Conservative Party Leader Pierre Poilievre says Canada’s national security was left exposed after a top scientist at a federal high-safety laboratory collaborated with a Chinese military expert in bioweapons and bioterrorism.

Decrying what he said is a “cover up,” Mr. Poilievre said the documents show there was a massive security beach at the Level-4 laboratory in Winnipeg.

“We have learned that the Trudeau government’s head of pathogens was collaborating with members of Beijing’s People’s Liberation Army who are responsible for bioweapons and bioterrorism,” Mr. Poilievre told reporters Feb. 29 in Ottawa.

The Tory leader was reacting to the government’s tabling a day earlier in Parliament of hundreds of pages of documents that address the firing of two scientists from the National Microbiology Laboratory (NML) in Winnipeg in 2021.

Qiu Xiangguo, who was head of the special pathogens unit, and her husband Keding Cheng, a biologist, had their security clearances revoked in 2019 amid a probe on whether they were sharing secrets with China. The two have never been charged and their current whereabouts are unknown.

Mr. Poilievre said the documents indicate a Chinese military official was able to enter the lab, look at computers and “have access to all of our most important virological secrets.”

The NML is Canada’s only biosafety level-4 laboratory which can handle deadly pathogens like Ebola.

“Let me know if you think any of this is hyperbole,” said Mr. Poilievre. “Read the report yourself. This is from government documents. The Trudeau government’s own documents.”

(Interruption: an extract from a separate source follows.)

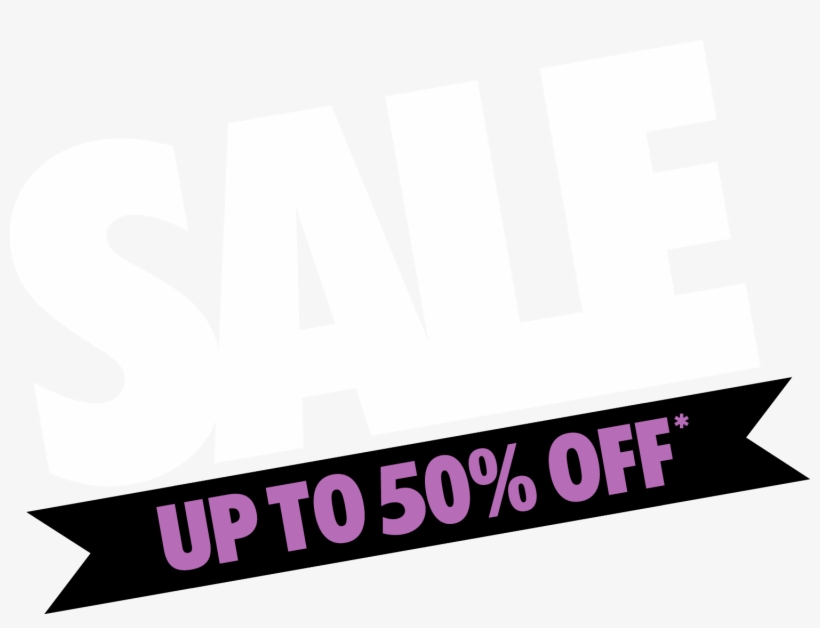 Up To 50% Off, transparent png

The name of the Chinese military scientist engaged in bioterrorism research is redacted in the documents, and only identified as “Major General, PLA / Top Virologist, AMMS (Chief 2).”

“PLA” stands for People’s Liberation Army and “AMMS” for Academy of Military Medical Sciences.

The major general has been previously identified in the Globe and Mail as Chen Wei, with whom Ms. Qiu collaborated on Ebola research.

Through Ms. Qiu, the NML under the Public Health Agency of Canada (PHAC) had sent Ebola and Henipah virus samples to Wuhan Institute of Virology in March 2019. While those transfers were authorized, the newly released documents say that Ms. Qiu also shipped materials outside the NML without approval.

She also reportedly gave access to the NML to a least two employees of an unspecified Chinese government institution “whose work is not aligned with Canadian interests.”

‘Embarrassment’

Opposition parties had been in a battle to obtain details about what transpired at the lab since details about the events emerged in the press a few years ago.

The release of documents was in response to recommendations made by a multi-party committee of MPs and an impartial assessing panel.

Up to then, the government had claimed it a national security prerogative to not disclose the information. It resisted four House of Commons orders and took the former House Speaker to court to avoid releasing the documents.

The committee of four MPs rejected the national security claim after conducting its review.

“The information appears to be mostly about protecting the organization from embarrassment for failures in policy and implementation, not legitimate national security concerns, and its release is essential to hold the Government to account,” the MPs wrote in a Feb. 19 letter addressed to the main parties’ House leaders.

Mr. Poilievre said this shows the government’s intent was not to protect secrets but rather to do a “cover-up” before an election.

“He called a snap election to make sure that the voting would happen before this came out. And what happened in that election? Beijing interfered to help them win it,” he said.

Health Minister Mark Holland, in discussing his tabling of the documents in Parliament Feb. 28, called the lack of adherence to security at the NML “unacceptable.” But he surmised the threat of foreign interference “was in a very different place at that moment in time.”

Mr. Holland also said that “no sensitive information left the lab.”

PHAC said in a Feb. 28 statement it has reinforced its security protocols, which also includes reviewing international collaborations.

The Epoch Times asked PHAC and Health Canada if there are ongoing research projects with Chinese entities but didn’t hear back by publication time.